The real breakthrough occurred, however, when the U.S. Supreme Court rocked the admiralty bar (the maritime legal establishment) by ruling that ocean bills of lading containing "foreign forum" clauses must be upheld. U.S. admiralty lawyers realized that as a result of that ruling, much of the litigation they handled would shift to foreign cities. Therefore they offered to support both the repeal of the negligent-navigation defense and an increase in the liability limitation to match that of the Hague-Visby Rules--if shippers would support an overturn of the Supreme Court's ruling in that case, which would keep litigation and arbitration in the United States. The Maritime Law Association then adopted a proposal to support these changes at the United Nations Commission on International Trade Law (UNCITRAL) conferences.
Those negotiations are continuing at the United Nations, and they may someday result in the modernization of the United States' ocean liability regime. Until then, shippers must continue to be vigilant and knowledgeable concerning the liability regimes that currently govern their shipments.
Where to Learn More
William J. Augello, Esq.
How can a company engaged in global commerce train its employees to protect its best interests before a loss, damage, or theft resulting in unrecoverable losses occurs? Knowledge, of course, is the key. Unfortunately, few logistics professionals today are thoroughly versed in such matters.
The main reason this writer authored the textbook Transportation, Logistics and the Law was to provide under one cover an explanation of the legal problems that are involved in global shipping. This book provides that education for shippers and consignees, importers and exporters, carriers, freight forwarders, consultants, and their attorneys.

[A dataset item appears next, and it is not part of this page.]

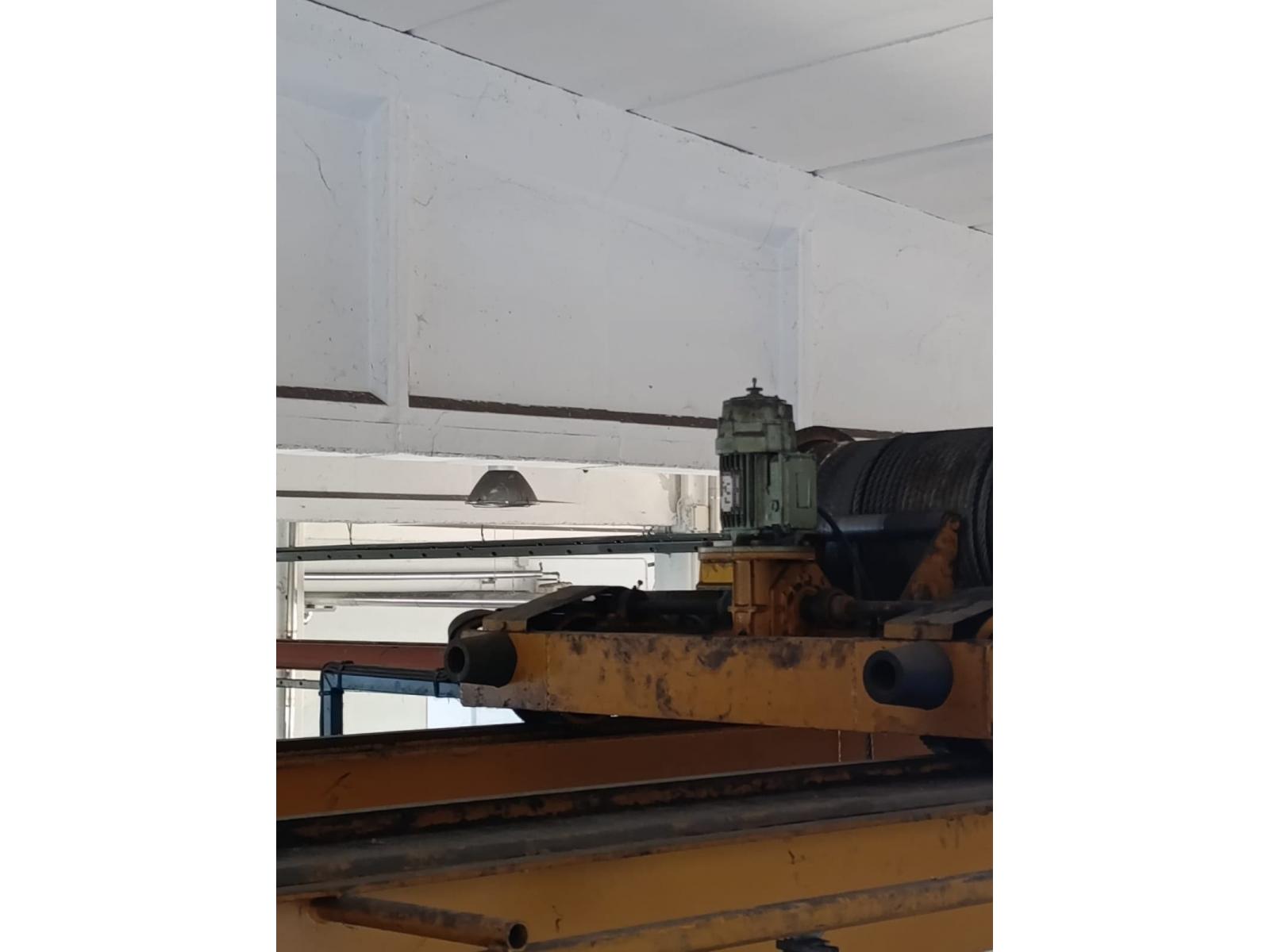CARROPONTE BITRAVE OMIS 5 TON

The issues discussed in this article, as well as others likely to be encountered in the course of daily business, are covered in much greater detail in the recently updated, 850-page text. Details regarding the textbook's contents and information about ordering may be found at www.transportlawtexts.com . --William J. Augello, Esq.
William J. Augello, Esq., is a transportation lawyer with more than 50 years of experience representing shippers, carriers, and intermediaries. He teaches transportation law at the University of Arizona and is the author of the textbook Transportation, Logistics and the Law.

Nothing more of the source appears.